• RECORDED INFORMATION:
------------------------------

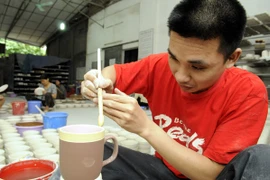 Lễ hội được tổ chức nhằm tôn vinh nghề gốm truyền thống. (Ảnh minh họa: TTXVN)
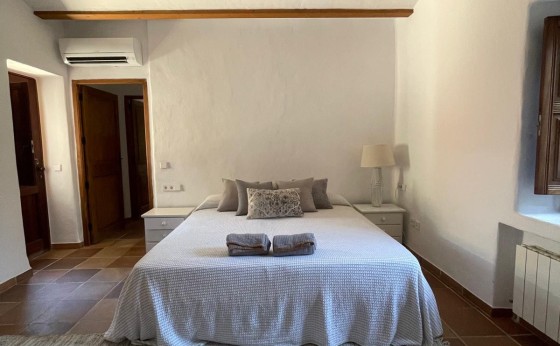 BAB6E703-EAB6-4CB0-B37E-D4D1F3035148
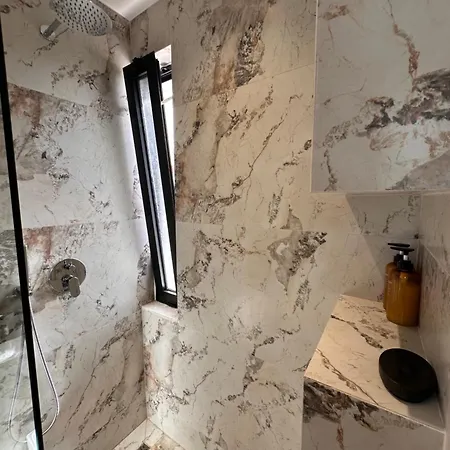 Matisse No27 - Center With Parking Daire *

------------------------------

• YOUR GOAL:
Pictures are to be omitted. The lines from the line holding "BAB6E703-EAB6-4CB0-B37E-D4D1F3035148" through the closing line of the data above are to be set down exactly, and nothing more.

• SOLUTION TO THIS PROBLEM:
 BAB6E703-EAB6-4CB0-B37E-D4D1F3035148
 Matisse No27 - Center With Parking Daire *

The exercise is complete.